Nested conditional operator for salary calculation:

#include <stdio.h>

int main() {
    int items;
    float salary;
    
    printf("Enter number of items sold: ");
    scanf("%d", &items);
    
    salary = (items != 40) ? ((items < 40) ? 4*items + 100 : 4.5*items + 150) : 300;
    
    printf("Salary = %.2f\n", salary);
    return 0;
}

Output:
Enter number of items sold: 45
Salary = 352.50

6.8 The goto Statement

The goto statement is used to branch unconditionally from one point to another in the program. It requires a label to identify the destination.

goto label;
...
label:
    statement;

⚠️ Avoid goto:

Use of goto is generally discouraged as it makes programs difficult to read and maintain.
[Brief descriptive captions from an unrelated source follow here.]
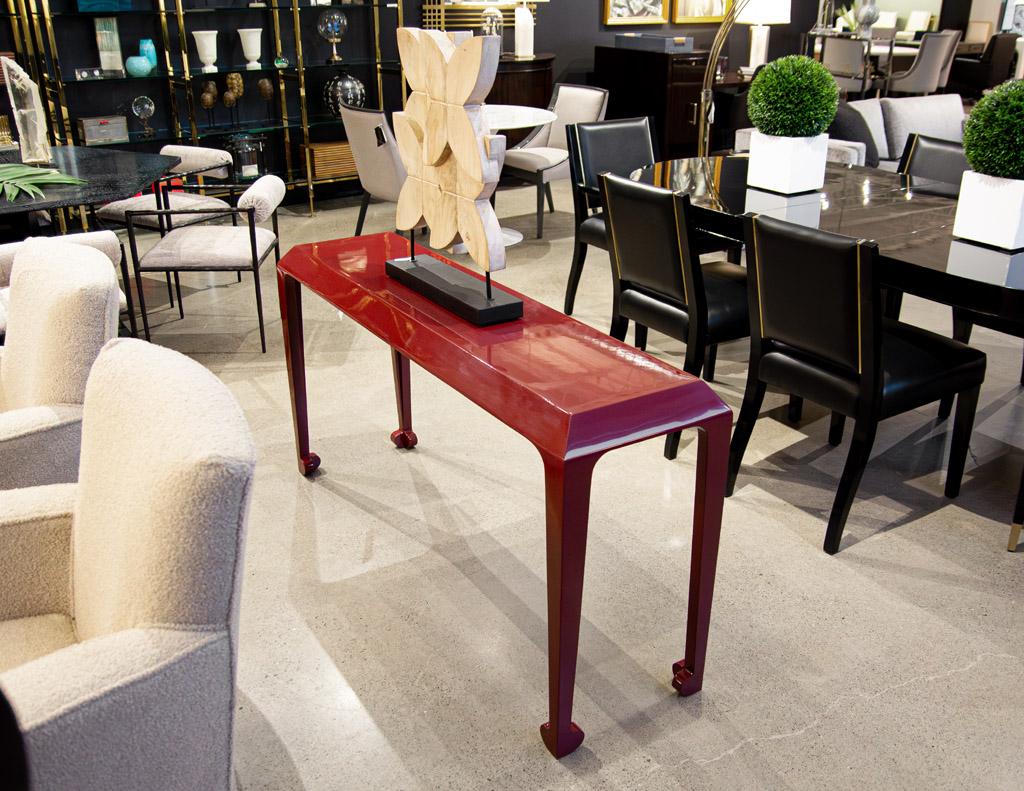 American Modern Console Table in Ruby Lacquer Finish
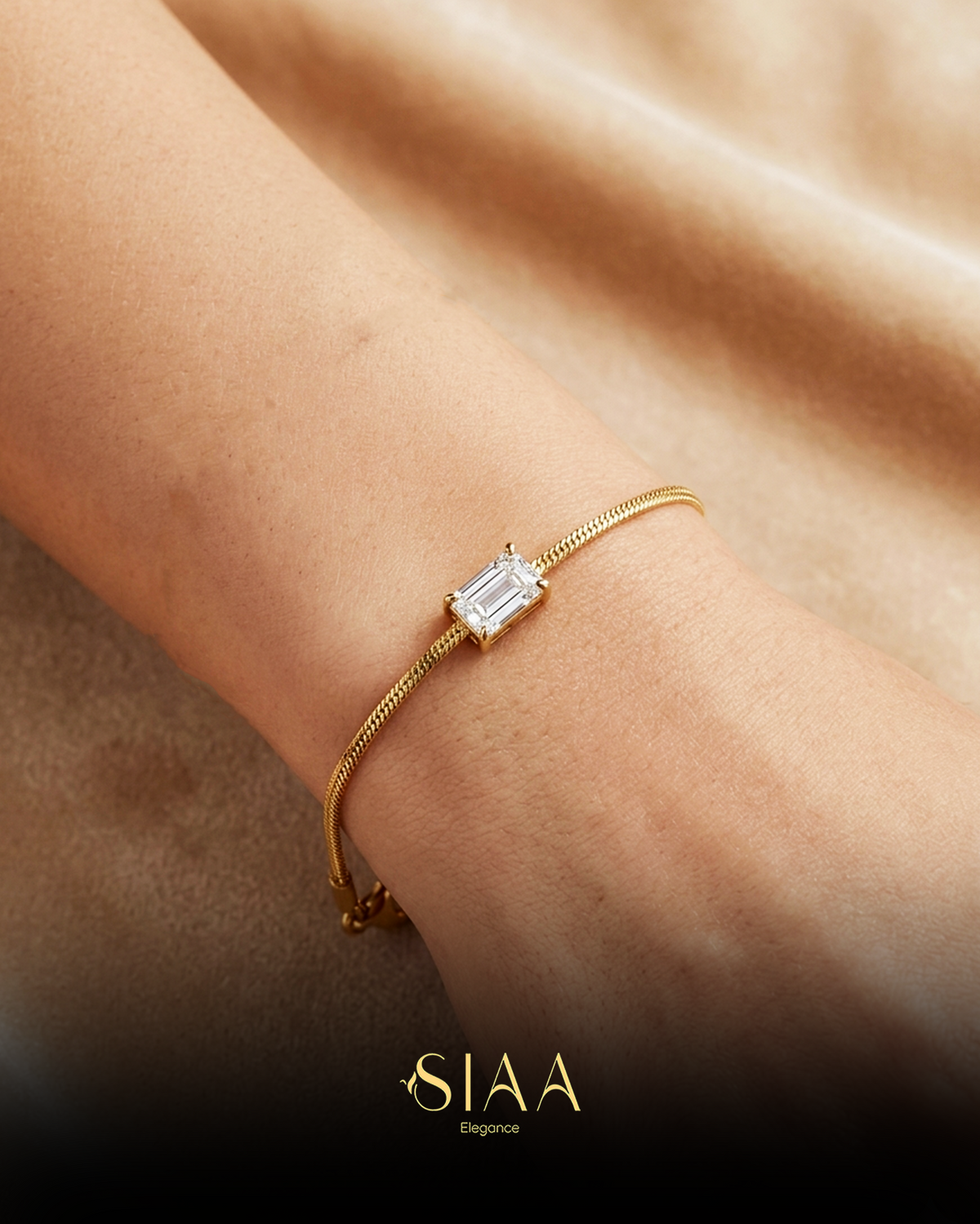 Emerald Cut Solitaire Bracelet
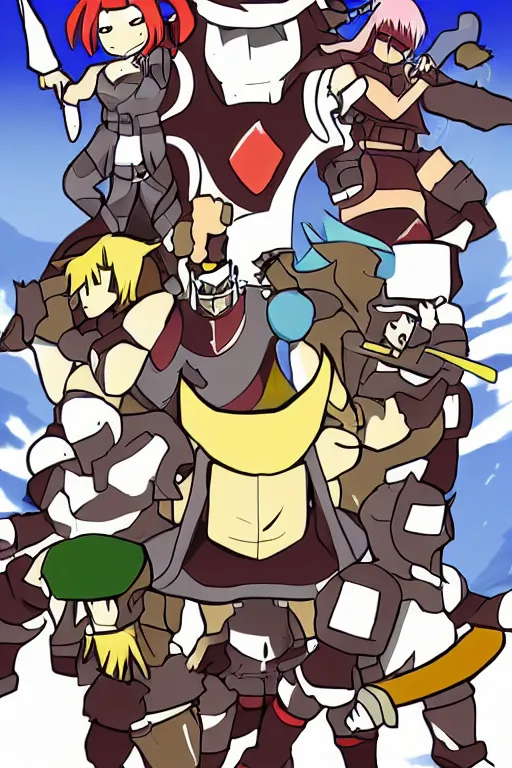 Prompt: castle crashers barbarian, anime art style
It can lead to "spaghetti code". However, it may be useful in some rare situations like breaking out of deeply nested loops.

📝 Worked-Out Problem 6.8

Using goto to create a simple loop (not recommended):

#include <stdio.h>

int main() {
    int i = 1, sum = 0;
    
    loop:
    sum += i;
    i++;
    if (i <= 10)
        goto loop;
    
    printf("Sum of 1 to 10 = %d\n", sum);
    return 0;
}

Output:
Sum of 1 to 10 = 55

6.9 De Morgan's Rule

De Morgan's rule helps simplify logical expressions with NOT operators:

!(x && y || !z)  becomes  !x || !y && z
!(x <= 0 || !condition)  becomes  x > 0 && condition

💡 Programming Tips:

Always use braces {} even for single statements in if-else blocks for clarity.
Avoid comparing floating-point numbers for equality due to precision errors.
In switch statements, don't forget the break unless you intentionally want fall-through.
Use the default case in switch to handle unexpected values.
The conditional operator is great for simple conditions but avoid nesting it deeply.

Chapter Exercises

Review Questions

State true or false:
a) A switch expression can be of any type.
b) Each case label can have only one statement.
c) The default case is required in the switch statement.
d) When if statements are nested, the last else gets associated with the nearest if without an else.
e) The expression !( (x >= 10) || (y == 5) ) is equivalent to (x < 10) && (y != 5).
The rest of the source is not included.